We managed, after a couple more of that, to end up with a _P.cambridgei_ sling for miracle.

Not the best "ladder", of course, but we managed to raise him (again, a 1.0 lol) well.

Years passed, gained more experience, _P.cambridgei_ had written 'frebie' all over, lost the count of the slings/juvenile i've traded prior 2003 (had others 'Psalmos' as well) but one thing... i still remember today the first time i've seen that arboreal 0.1 beast.

They are very, very fast, 100% true. But unlike 'Baboon' arboreals (i still remember a certain _S.calceatum_ re-house lol) not high strung. Their venom isn't a walk in the park (especially compared to the average "Brachy & Grammo & Grammo & Brachy") ok, but they aren't defensive.

They are a lovely, "greenish", bluff  fast, but "gentle".

My views on "Avics": while indeed they are class A T's, no doubts, genus _Avicularia _can't, IMO, teach something really important to someone *really *interested in a serious "arboreal track" that will lead him/her into Asian (maybe not "shy" 'Pokies' but, for instance, genus _Lampropelma _ones) and African arboreal ones.

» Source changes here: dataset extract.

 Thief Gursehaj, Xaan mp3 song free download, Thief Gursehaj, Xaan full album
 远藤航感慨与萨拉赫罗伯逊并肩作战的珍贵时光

But genus _Psalmopoeus_, yes if they can

Reactions: Award 1


----------



## Chris LXXIX (Apr 13, 2016)

Poec54 said:


> Cambridgei


P.S

"Cambridgei?"

_P.cambridgei_ at least 

Sorry, Poec54, couldn't resist, man

Reactions: Funny 2


----------



## Tanner Dzula (Apr 13, 2016)

Poec54 said:


> I've got most of the arboreal genera except Taps, and I'm in no hurry there.  They are incredibly fast.  I get enough sprinters as it is.  Once the lid is off, they can be a brown blur racing across the walls and ceiling.  Sounds like fun, huh?  Cambridgei are pretty quick when they're young, but with age they settle down and don't run around without a good reason.  Relatively easy to work with, you just have to be careful with their feeding responses.  On two occasions I've had AF cambridgei grab the clean, empty water bowl I was putting in their cage, snatch it out of my forceps, wrestle with it, and roll over on their backs still clutching and biting it.  You *do not* want that feeding response on a stray finger.
> 
> Avics get recommended as first arboreals, not because their care is easy to dial in, but because although fast, they don't have the speed of most of the other arboreals. When you get into Psalmos, Taps, and the OW arboreals, you're stepping up to the Indy cars of the tarantula world.  This is not a decision to be made lightly.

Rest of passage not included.